Available records:
════════════════

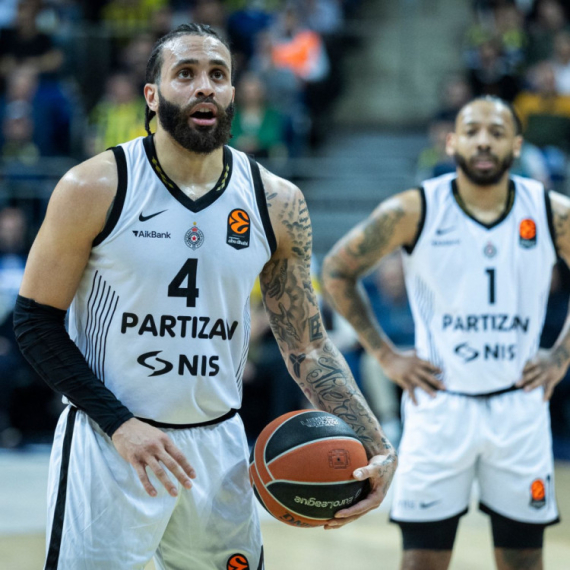 I Karlik i Vašington: Partizan čuva svoju osovinu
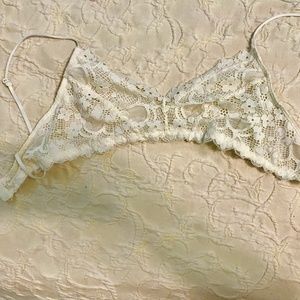 Light yellow lace bralette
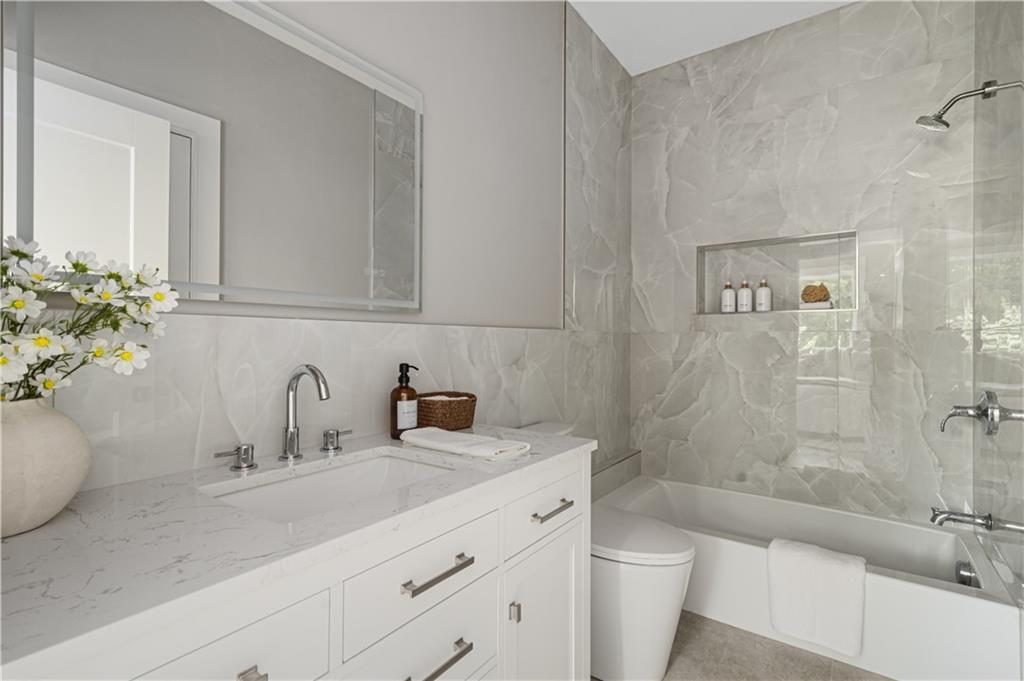 43 12th Street Unit B Property Photo 28
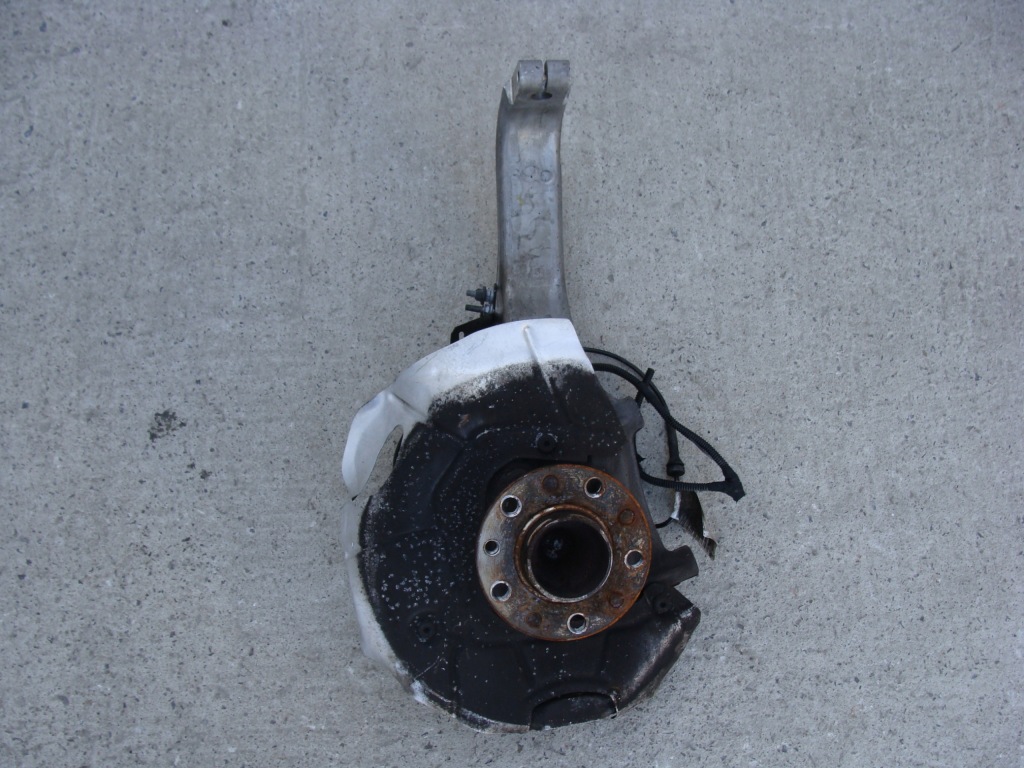 фото №1, Поворотный кулак левая alfa romeo giulia q2 2wd 50539740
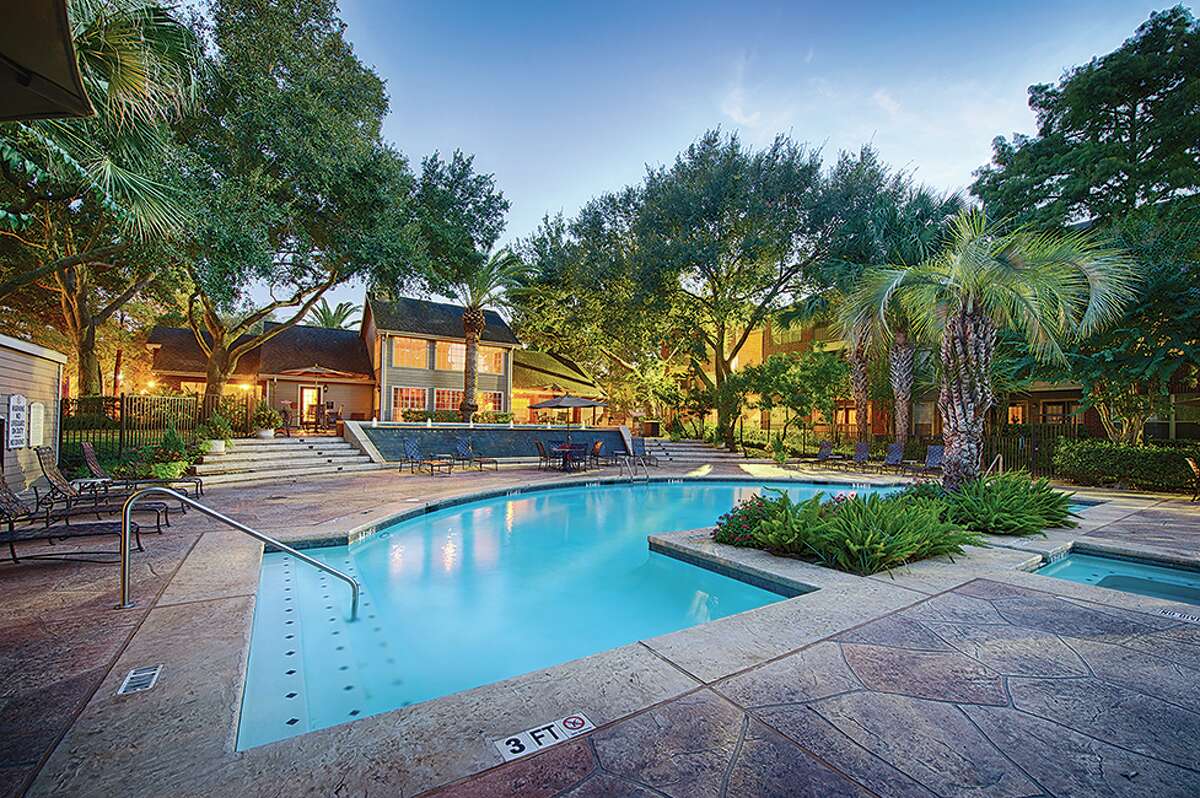 Sugar Land apartment portfolio up for sale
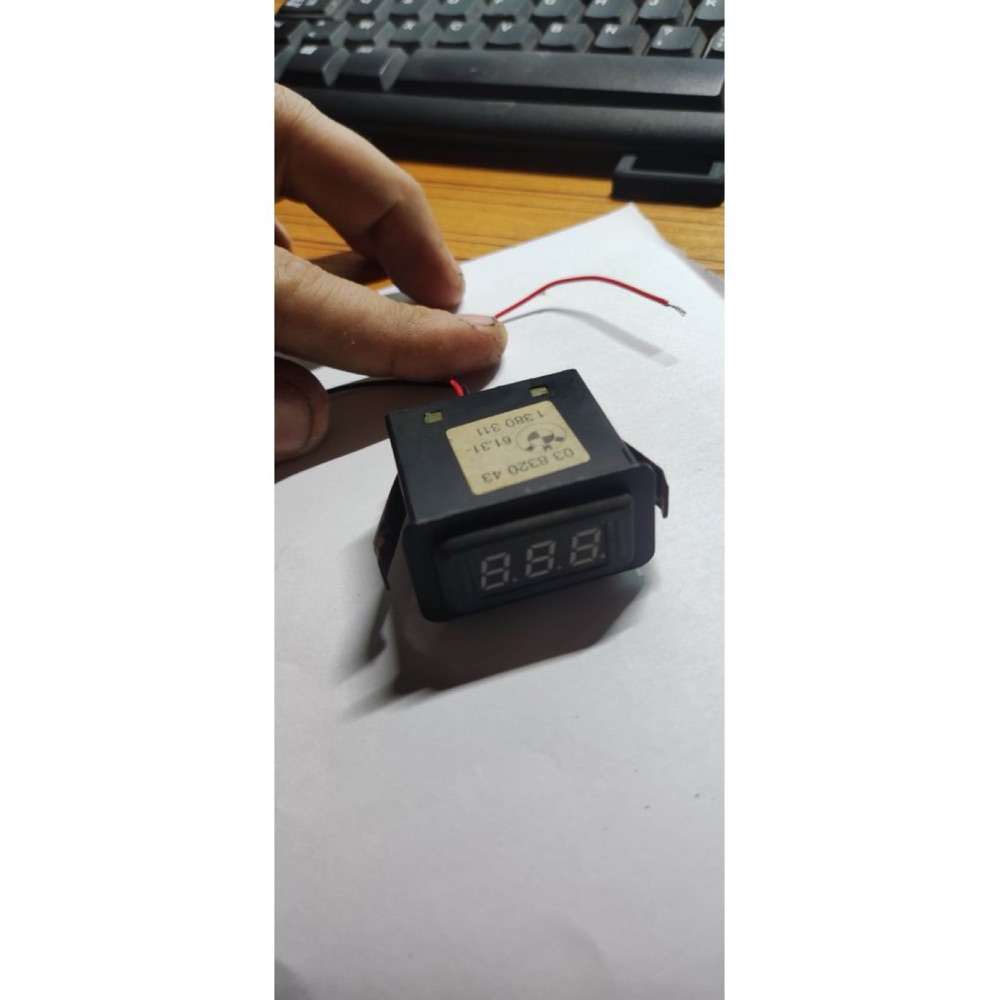 Voltmetre Kutusu (BMW E30 Uyumlu)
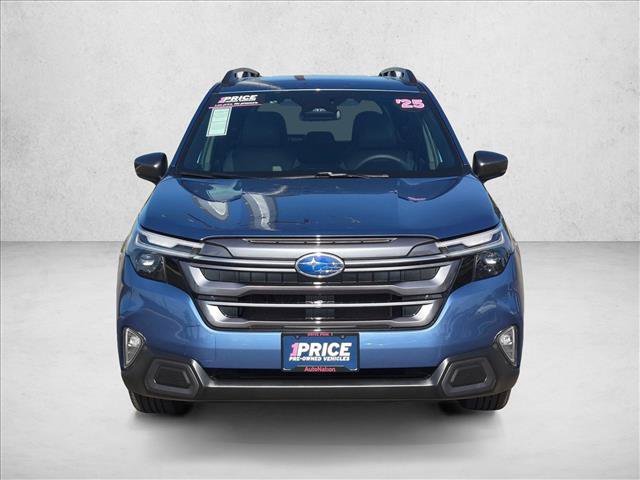 Used 2025 Subaru Forester Limited AWD/4WD image 2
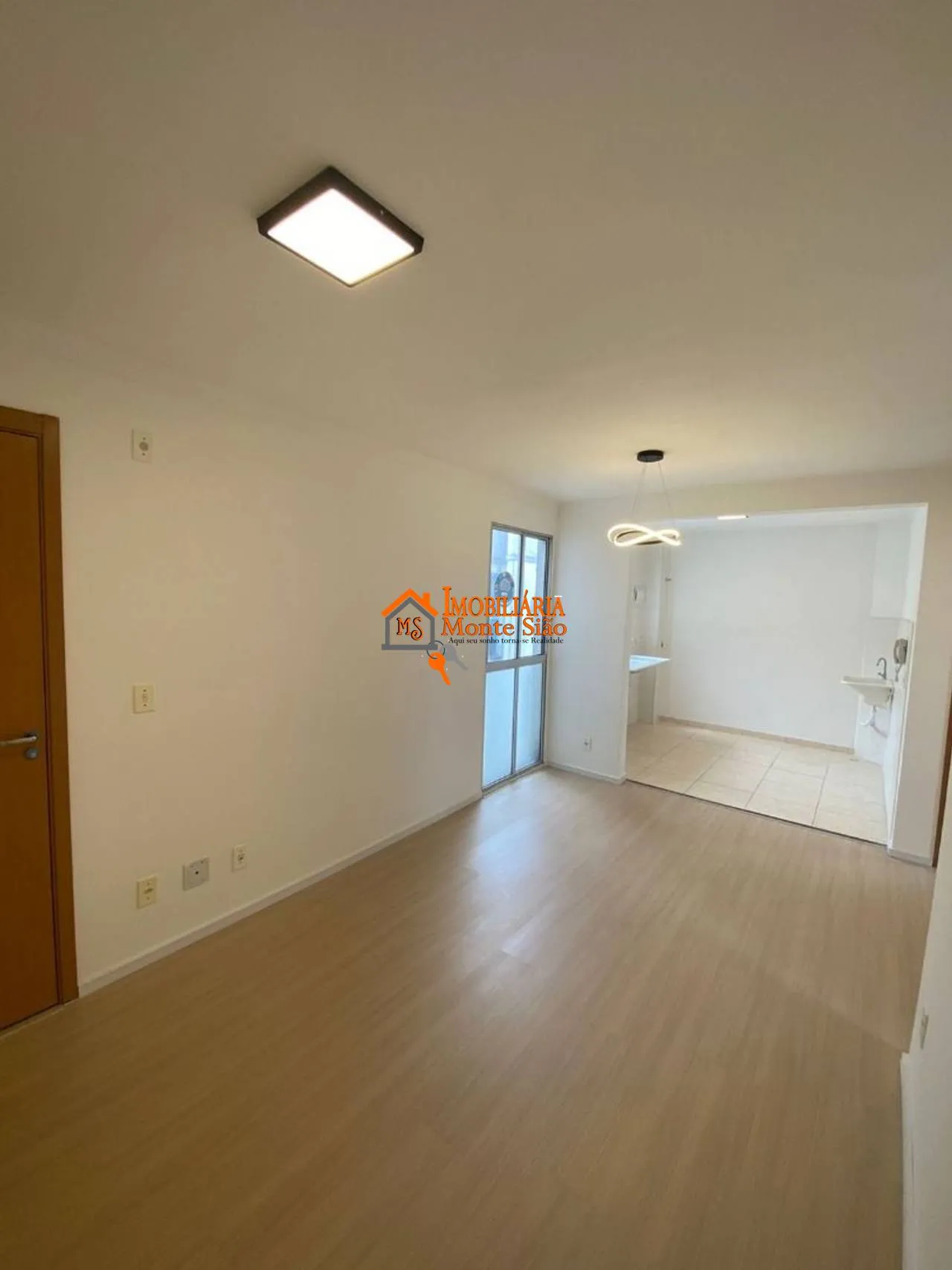 Foto do imóvel Apartamento com 2 dormitórios à venda, 49 m² por R$ 260.000,00 - Água Chata - Guarulhos/SP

════════════════

Exercise aim:
Without the pictures, transcribe exactly the lines above from the one containing "Sugar Land apartment portfolio up for sale" through the last.

Exercise solution:
 Sugar Land apartment portfolio up for sale
 Voltmetre Kutusu (BMW E30 Uyumlu)
 Used 2025 Subaru Forester Limited AWD/4WD image 2
 Foto do imóvel Apartamento com 2 dormitórios à venda, 49 m² por R$ 260.000,00 - Água Chata - Guarulhos/SP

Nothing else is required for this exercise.